### SOURCE MATERIAL
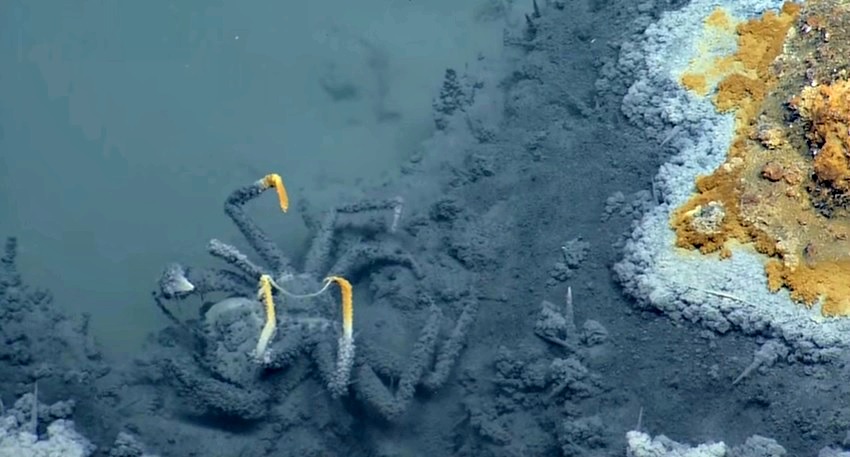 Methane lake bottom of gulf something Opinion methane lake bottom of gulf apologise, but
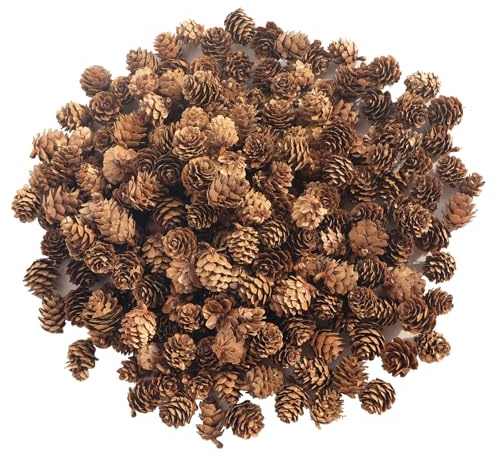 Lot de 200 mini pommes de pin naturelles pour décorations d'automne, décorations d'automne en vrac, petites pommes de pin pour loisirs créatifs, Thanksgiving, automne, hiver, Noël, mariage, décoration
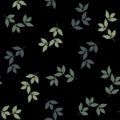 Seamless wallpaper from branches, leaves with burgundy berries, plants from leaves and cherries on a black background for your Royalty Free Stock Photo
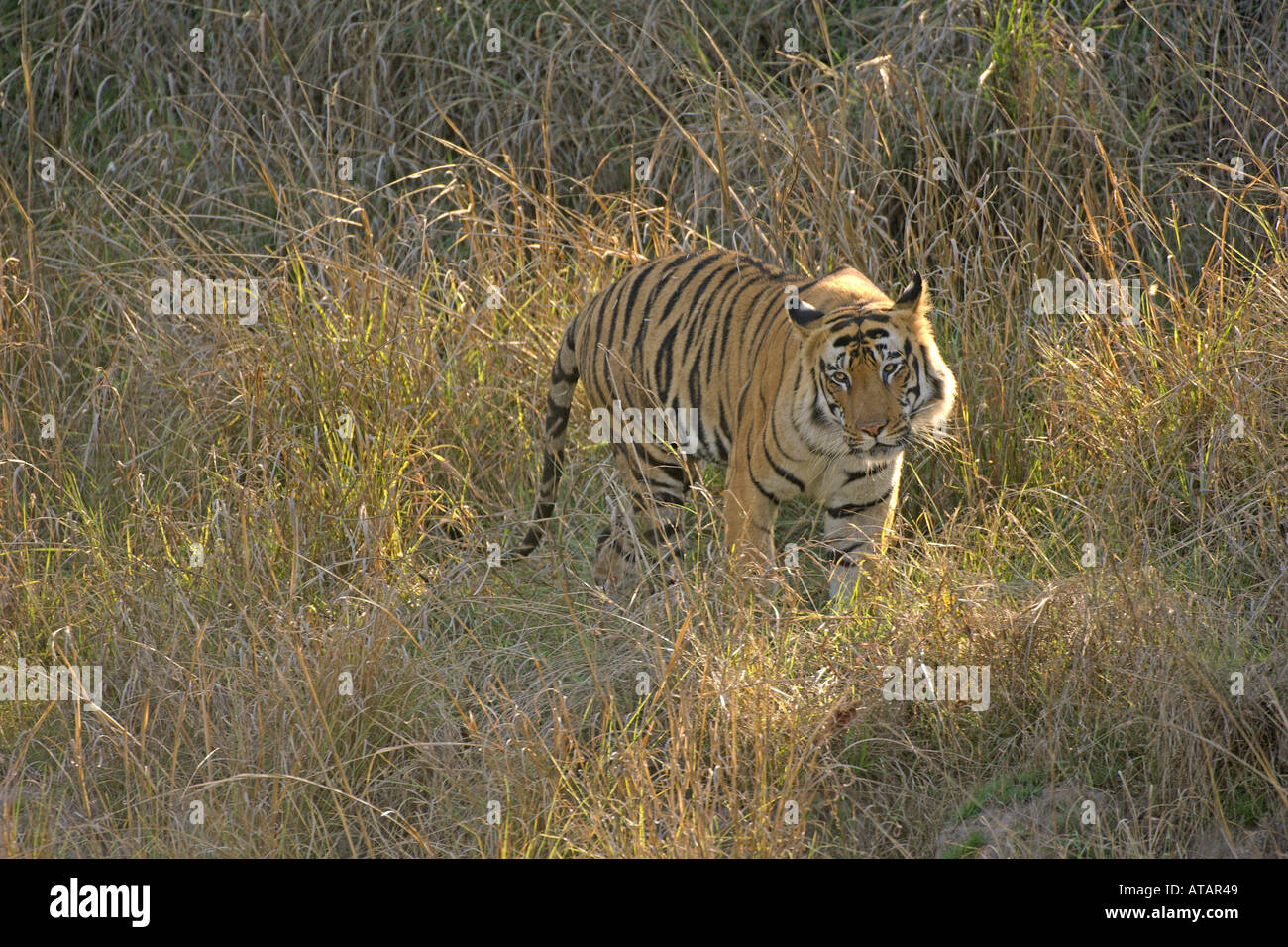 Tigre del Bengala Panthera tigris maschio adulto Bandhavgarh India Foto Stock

### PROMPT
All of the data above needs to be given again exactly. Leave out each image.

### COMPLETED TASK
 Methane lake bottom of gulf something Opinion methane lake bottom of gulf apologise, but
 Lot de 200 mini pommes de pin naturelles pour décorations d'automne, décorations d'automne en vrac, petites pommes de pin pour loisirs créatifs, Thanksgiving, automne, hiver, Noël, mariage, décoration
 Seamless wallpaper from branches, leaves with burgundy berries, plants from leaves and cherries on a black background for your Royalty Free Stock Photo
 Tigre del Bengala Panthera tigris maschio adulto Bandhavgarh India Foto Stock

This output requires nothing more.